A proactive approach to managing faults on the grid
The traditional approach to finding faults has been reactive, relying upon investigations after a fault has occurred. Engineers dispatched to site may identify a fuse rupture and supply interruption, with standard practice being to replace the fuse. If the fault is not cleared then voltage and current analysis provide an approximate location of the fault, which is then pinpointed with gas sniffers and thermal cameras. However, this approach is only effective on simple networks and relies on finding faults after an event has occurred.
To make networks more resilient, DNOs are investing in monitoring the hundreds of thousands of low voltage substations and underground feeders that supply their customers. As part of a trial called Synchronous Analysis and Protection System (SYNAPS), Fundamentals has collaborated with Scottish and Southern Electricity Networks (SSEN) and UK Power Networks to introduce automated procedures that use Machine Learning and Artificial Intelligence (AI) to analyse waveforms of network disturbances on LV feeders, to predict faults before they cause protection device or fuse operations. When network disturbances are detected, they are analysed and classified by specially developed algorithms to reveal the nature of the event and its precise location.
“When thinking about faults underground, one of the key challenges is that there’s not a lot of network and monitoring data,” explained Brian Lasslett at Fundamentals. “SYNAPS creates a model of the network and uses that to stimulate the data. Real events can then be fed back in so AI can learn from it, a process referred to as deep learning.”
A precise way of discovering faults
Part one of SYNAPS was completed in 2019. The project successfully looked for and found faults in a controlled environment on a known radial network arrangement. SYNAPS 2 continued as a follow-up project trialling different network connections and configurations. It was also trialled on a more complex mesh network in London.
The SYNAPS 2 project is taking place in three stages and over 26 months. In total, 13 circuits are being monitored during the trial from December 2020 to March 2023. This includes six circuits in the SSEN network, installed in Portsmouth, Southampton, Poole and Aberdeen, and 7 circuits in UK Power Networks’ network, in London. Out of the 13 sites that were monitored with sensors, around 300,000 events were recorded. Of these, only around 500 (1.5%) were classified as significant enough to warrant further investigation as SYNAPS can distinguish between problem events and false alarms. SYNAPS can provide distance from substation and location, and, in the future, predictions of time-to-failure, with ever-increasing accuracy and probability.
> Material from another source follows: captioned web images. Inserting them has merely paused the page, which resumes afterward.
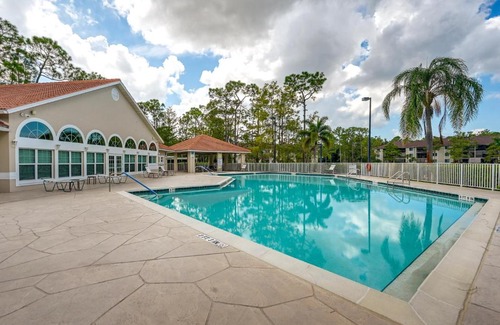 Naples Apartment | 3 Mi to Beaches Naples Condo with Pool Access!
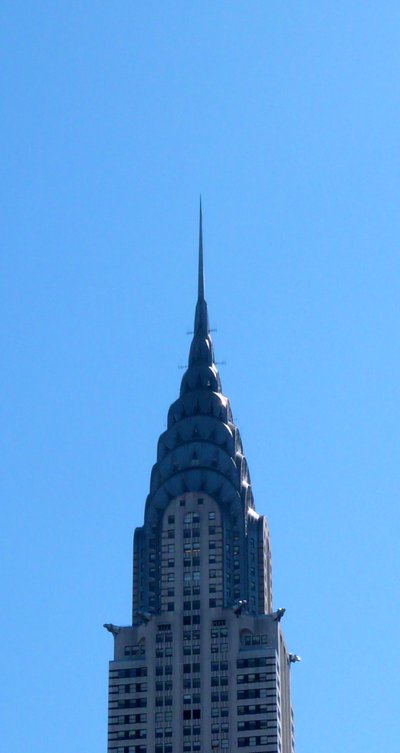 Il Chrysler Building è un grattacielo in stile Art Déco di New York, situato nella zona est di Manhattan. completato nel 1930. da William Van Alen
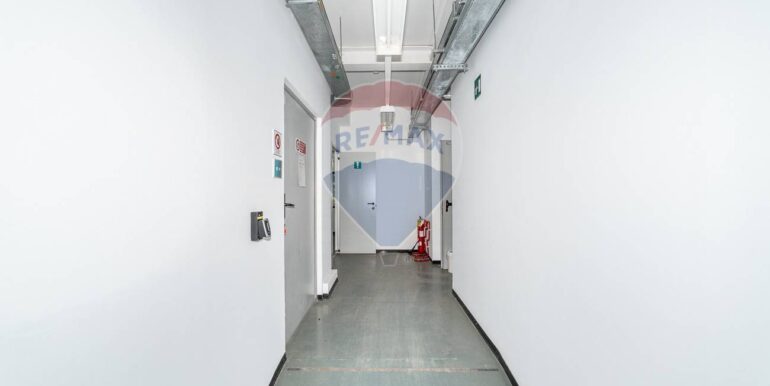 20250708182713-965856-12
“Learning from the project so far, indicates that the SYNAPS solution has potential to deliver significant CI and CML benefits by providing notifications of network events, that are indicative of degrading cables/joints, and providing highly probable fault locations to inform proactive repair decisions” commented Chino Atako, Senior Asset Engineer at UK Power Networks.
Early failure warnings
As part of the project, SSEN observed an event developing on its network in Portsmouth that had been ongoing for some time but had not caused any power cuts. SSEN chose to investigate further by proactively replacing and recovering the section of cable at the location of the event. The recovered cable was sent off for investigation and revealed there was a damaged joint, which meant a supply interruption could have occurred at any time.
“We’re continuing to obtain learnings from the SYNAPS 2 NIA Project and recent excavations demonstrated the benefits of predictive maintenance in detecting, classifying and managing faults before they even occur,” explained Kevin Dennis Project Manager at Scottish & Southern Electricity Networks. “The early warning delivered by SYNAPS technology helped us determine the cause of a fault which could have resulted in a power failure. This is useful insight to support future asset management planning.”
Predicting the future
The detection and location of potential faults at an early stage, will facilitate proactive planned maintenance, rather than expensive reactive emergency action and bolster the resilience of networks.
Brian Lasslett at Fundamentals concludes: “The project has been extended for another year to get more experience of different cable types and network architectures. As the algorithms gather more data, there will be further opportunities for gathering more insights. For example, in the future there could be an opportunity to start making predictions, such as the probability of if a fuse will blow and when.”